DATA SHOWN =
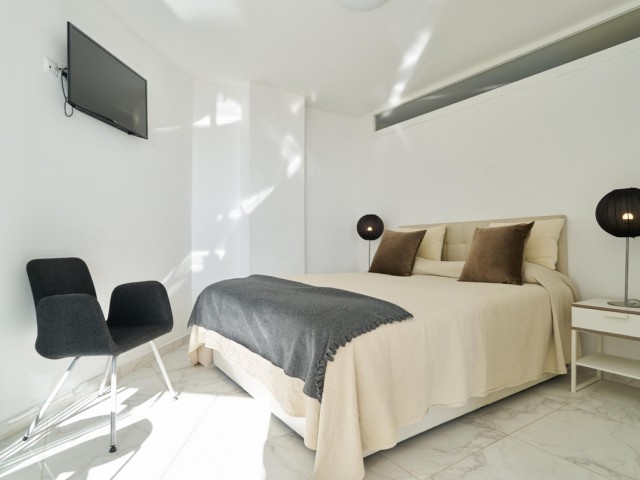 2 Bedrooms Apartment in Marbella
---
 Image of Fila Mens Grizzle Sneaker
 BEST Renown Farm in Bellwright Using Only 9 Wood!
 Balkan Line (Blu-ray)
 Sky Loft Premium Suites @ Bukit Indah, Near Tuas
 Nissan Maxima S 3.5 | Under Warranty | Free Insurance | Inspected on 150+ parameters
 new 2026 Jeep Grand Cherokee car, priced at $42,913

WHAT TO DO = Using the data above, print exactly the lines from the line that contains "Balkan Line (Blu-ray)" through the line that contains "new 2026 Jeep", with both included.

TASK OUTPUT =
 Balkan Line (Blu-ray)
 Sky Loft Premium Suites @ Bukit Indah, Near Tuas
 Nissan Maxima S 3.5 | Under Warranty | Free Insurance | Inspected on 150+ parameters
 new 2026 Jeep Grand Cherokee car, priced at $42,913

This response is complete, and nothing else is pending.